Nous sommes arrivés au camp à une heure du matin, harassés de fatigue, et transis de froid. Nous sommes à friedrichsfeld près de Wesel. On nous parque dans une baraque couverte mais non fermée sur les côtés. Il faut coucher là sans couverture. J'y attrape une angine et pendant trois ou quatre jours, très fiévreux, je reste couché. On m'a transporté à la baraque 21A. Celle-ci est toute fermée, et j'y ai un peu de paille. Eh bien! La vie ne doit pas être bien gaie ici, mais bah! Ce ne sera que pour un moment.
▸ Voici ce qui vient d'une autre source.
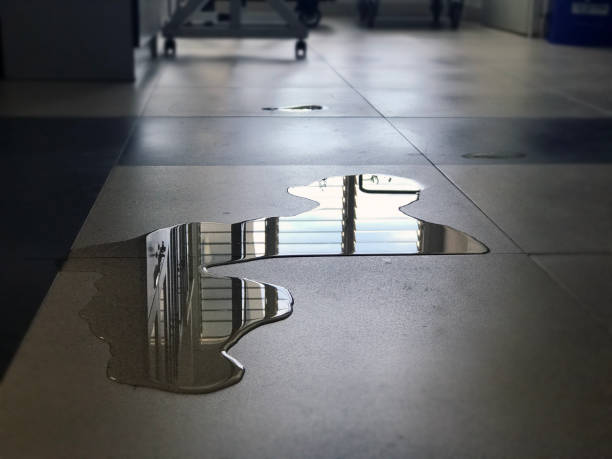 Best Local water damage restoration  in Reedley, CA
J'ai revu pas mal d'amis de ma compagnie et de Roubaix. Parmi eux Monsieur Fournier, mon chef de bureau, nous aurons ainsi l'occasion de parler de nos familles, mais personne n'a encore reçu de nouvelles de Roubaix.
Dimanche 25 Octobre
J'ai assisté pour la première fois à la messe au camp. C'est très imposant autant pas le nombre d'hommes que par le recueillement, le sermon nous arrache les larmes: Le prêtre nous parle de la Toussaint. Nos femmes et nos enfants prieront pour leur mari ou père décédé, disparu ou prisonnier, ces petits anges seront sûrement exaucés dit-il!
Quant à nous, nous passerons cette fête religieusement pour nos frères morts au champ d'honneur, pour nous, les nôtres, demandant à Dieu le succès de nos armes et une prompte délivrance.
La Toussaint
Elle s'est très bien passée. Quelle affluence à la petite chapelle: deux prêtres donnent la communion en même temps; et cela dure depuis trois heures et demi ce matin, jusqu'à huit heures et demi. Ensuit assistance aussi nombreuse à la grand' messe.
Une petite visite à l'un ou à l'autre, une petite promenade et voilà comment le temps passe.
Novembre et Décembre
Se passent sans qu'il n'y ait rien de remarquable, mais je note que le sept, j'ai pu donner mon nom et mon adresse à une personne qui était venue voir Monsieur Dujardin de Seclin. Ils n'ont pu se voir, mais Monsieur Dujardin a été autorisé de donner une lettre pour sa femme et ma carte et partie en même temps. Puisse t-elle lui faire savoir enfin que je suis prisonnier. J'ai déjà écrit vingt-cinq fois, mais rien n'est parvenu!
Noël fêté comme la Toussaint par une affluence considérable, d'assistants et de communions. Je suis revenu de la messe de minuit à trois heures et demi! Et dire que nous sommes toujours sans nouvelles, alors que nous avions l'espoir d'être rentrés pour la nouvelle année. Hélas! C'est bien long, et nous n'osons plus nous hasarder à faire de pronostic sur la date du retour.
Le 31 Décembre 1914
La journée s'est passée comme à l'ordinaire. Ceux qui m'ont vu après quatre heures ont dû se dire: "il est devenu fou!" En effet, je suis fou, , fou de joie! Je ris, je pleure, je saute, je danse, car je viens de recevoir une lettre de ma femme qui sait enfin ce que je suis devenu. Cela me donnera du courage et aussi de la patience peut-être pour un bout de temps.
Cette lettre datée du 21 courant est la réponse à la carte que j'ai pu faire partir par Mr Dujardin de Seclin. Je n'ai pas manqué d'aller le remercier.